• **TASK**
Set every record down verbatim and omit the pictures.

• **GIVEN DATA**
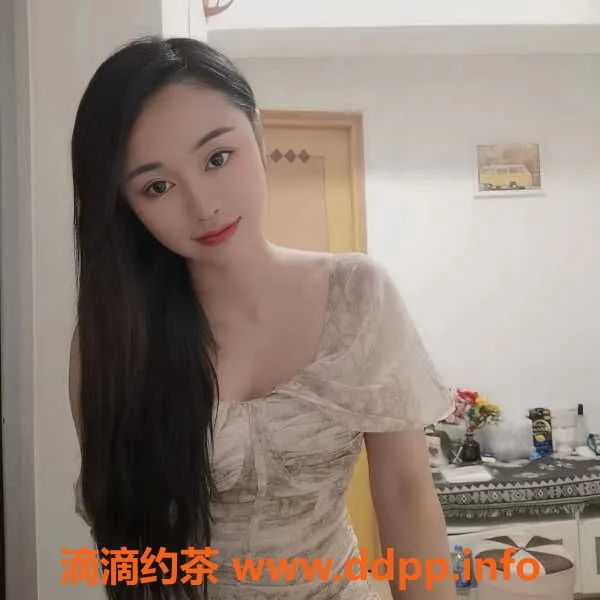 广州楼凤-广州番禺潇潇 22岁胸围32C超配合服务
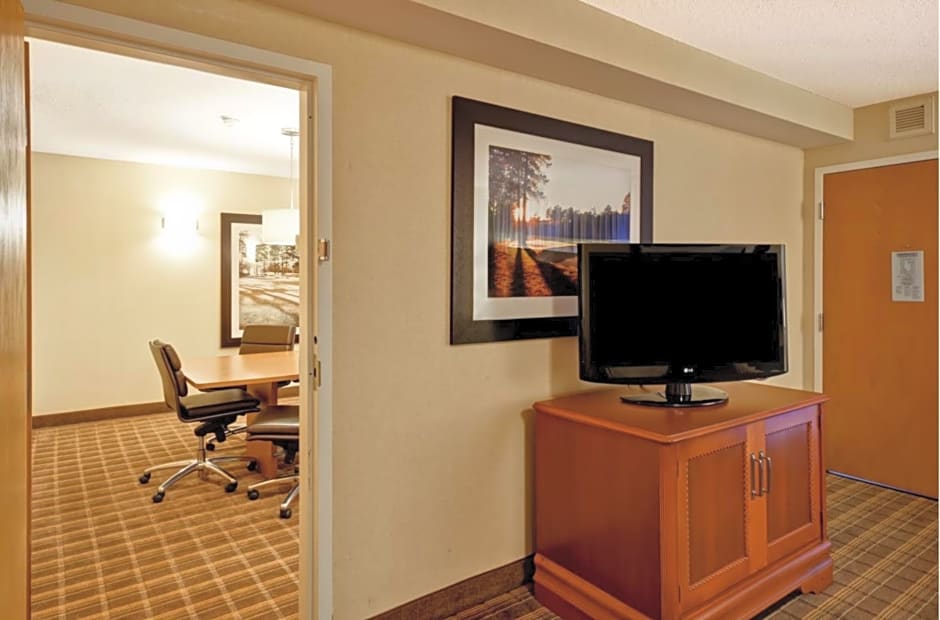 Embassy Suites Greenville Golf Resort & Conference Center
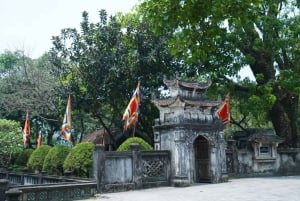 Depuis Hanoï : visite en petit groupe d'une journée à Ninh Binh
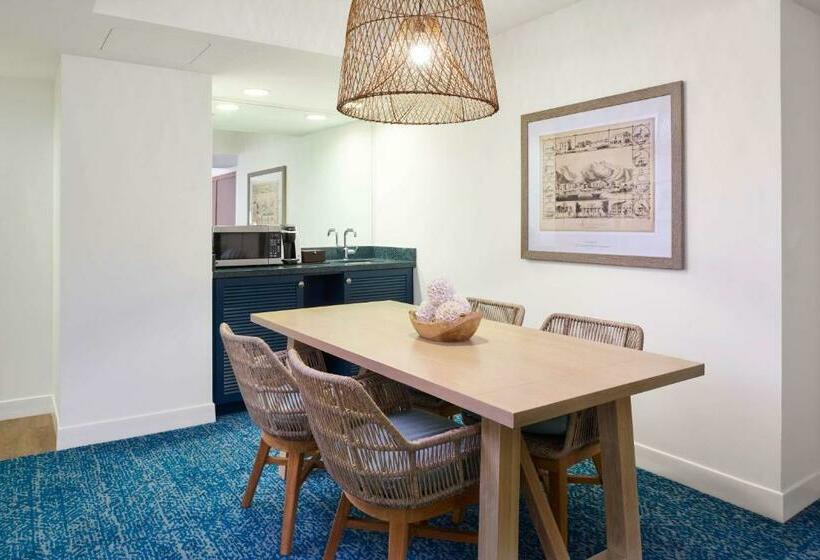 جناح كلوب, Outrigger Reef Waikiki Beach Resort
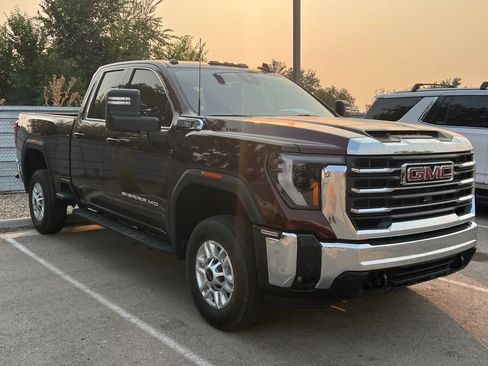 Used 2024 GMC Sierra 2500 SLE w/ SLE Value Package; AWD/4WD image 2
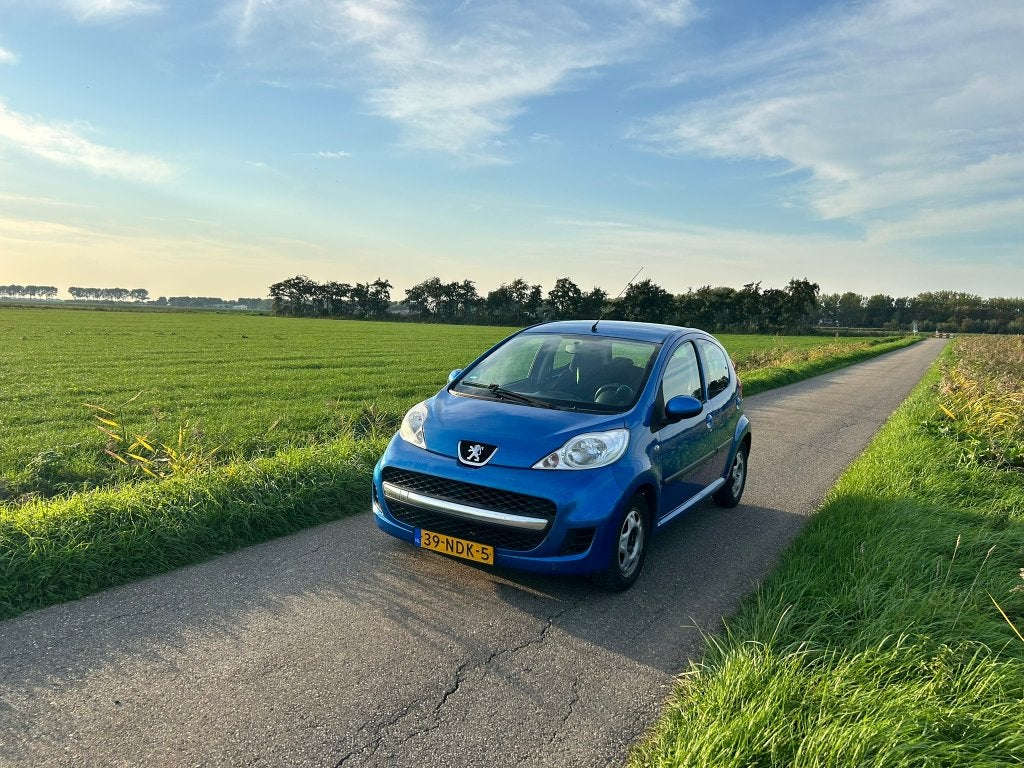 Peugeot 107 blauw (2010), Auto's, Voorwielaandrijving, 68 pk, Origineel Nederlands, Handgeschakeld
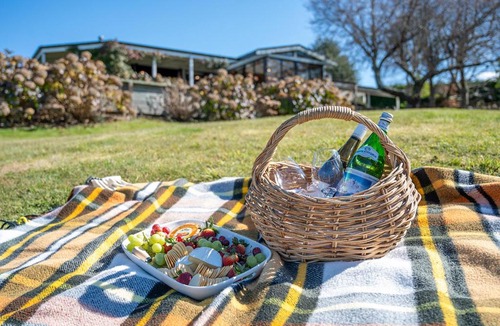 Acacia Bay House | Mountviews Lodge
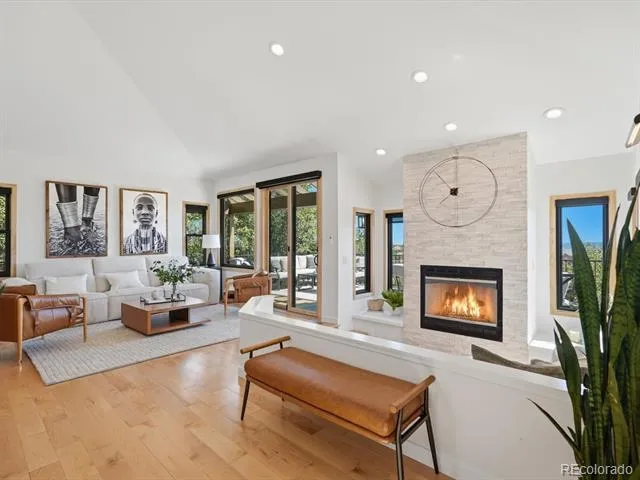 5931 Silver Thorn Run Littleton, CO 80125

• **WRITTEN SOLUTION**
 广州楼凤-广州番禺潇潇 22岁胸围32C超配合服务
 Embassy Suites Greenville Golf Resort & Conference Center
 Depuis Hanoï : visite en petit groupe d'une journée à Ninh Binh
 جناح كلوب, Outrigger Reef Waikiki Beach Resort
 Used 2024 GMC Sierra 2500 SLE w/ SLE Value Package; AWD/4WD image 2
 Peugeot 107 blauw (2010), Auto's, Voorwielaandrijving, 68 pk, Origineel Nederlands, Handgeschakeld
 Acacia Bay House | Mountviews Lodge
 5931 Silver Thorn Run Littleton, CO 80125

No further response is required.